The Trial Board found as follows:

"As to Count Two of the Complaint: "(1) There was no intent to mislead the court in filing the final accounting wherein the accused stated the releases for income and inheritance taxes had been applied for; "(2) The failure to complete the returns and file the releases was the result of a dilatory pattern of practice in this entire estate proceeding; "(3) The handling of the probate of the estate in general was dilatory and unprofessional; "(4) The facts do not show, however, that any time Mr. Hedges made any excuses or any misrepresentations to his client or to any others; "(5) The failure of Mr. Hedges to promptly attend to the probate was troublesome and embarrassing to his client; "(6) There is no evidence to show that this conduct involved any misuse of funds or resulted in any financial loss to the client; "(7) We find from the evidence, and the candid testimony of the witness, that as this probate become [sic] increasingly older, it became psychologically more difficult for the attorney to conclude the matter; "(8) There is no evidence that the accused William A. Hedges has handled other clients' business in the same manner as this probate; "(9) Therefore we find the accused, William A. Hedges guilty of the charges set forth and contained in the second cause of complaint."[1]

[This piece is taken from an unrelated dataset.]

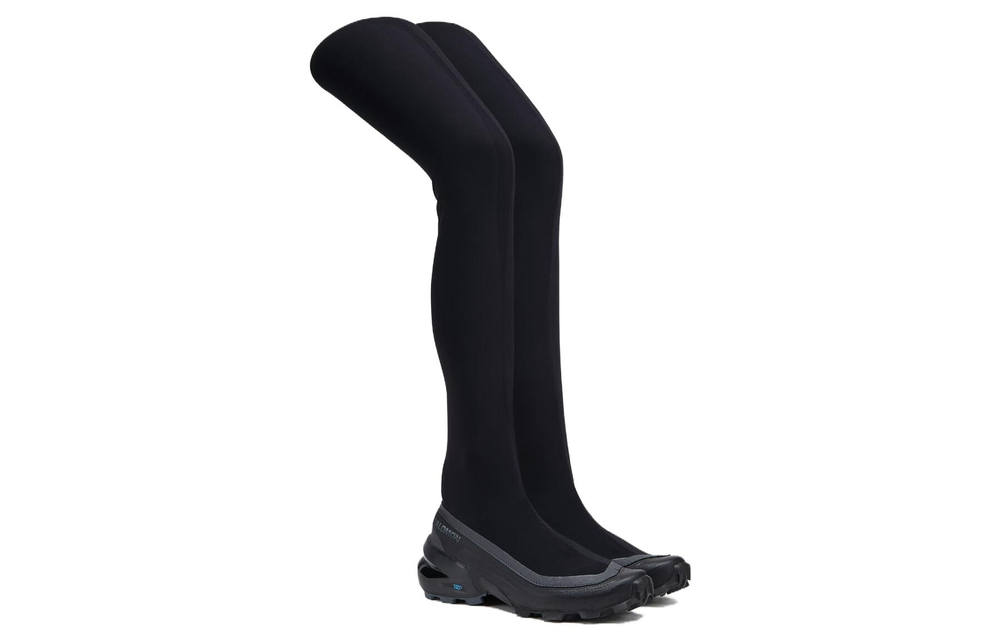 MM6 Maison Margiela Over the knee Boots Women"s Black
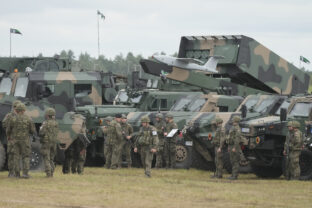 Poland Military Drills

The Trial Board recommended that the Accused be publicly reprimanded, although the Trial Board believed that the appropriate sanction would be somewhere between dismissal of the complaint and public reprimand, but no such intermediate sanction exists.

The Disciplinary Review Board found that the record established conclusively that the Accused was guilty of inexcusable delay in the handling of the estate and deserved a public reprimand.

We agree with the Trial Board that the handling of the probate was dilatory and unprofessional and that the Accused's failure promptly to attend to the matter was troublesome and embarrassing to the personal representative. We further find that his conduct was troublesome to the principal beneficiary of the estate. It is certainly arguable that his conduct resulted in some financial loss to this beneficiary. We further find that the Accused did not discharge fully and faithfully his obligation of complete candor to the personal representative.

We agree with the Disciplinary Review Board that the Accused is guilty of inexcusable delay in this matter.

We are more concerned than were the Trial Board and the Disciplinary Review Board with the Accused's conduct in representing to the court when filing the final accounting that he had applied for Oregon inheritance tax releases. We find the inexcusable *76 delay is sufficient in and of itself to warrant a public reprimand. We believe that, when compounded by the misrepresentation to the court, the Accused's conduct deserves a greater sanction. Compare In re Hubert, 265 Or. 27, 507 P.2d 1141 (1973), in which the Accused was publicly reprimanded on the basis of nothing more than making a misrepresentation to the court. See also ORS 9.460, providing that an attorney shall never seek to mislead the court by any false statement of fact.

On the other hand, we do not find that the Accused's conduct in this particular misrepresentation to the court was as serious in all the circumstances as that described in In re Preston, 269 Or. 271, 525 P.2d 59 (1974), in which we suspended the Accused for a period of six months.

The order of this court is that the Accused is suspended from the practice of law for a period of 30 days.


[1] The Trial Board found the accused not guilty on the third cause of complaint.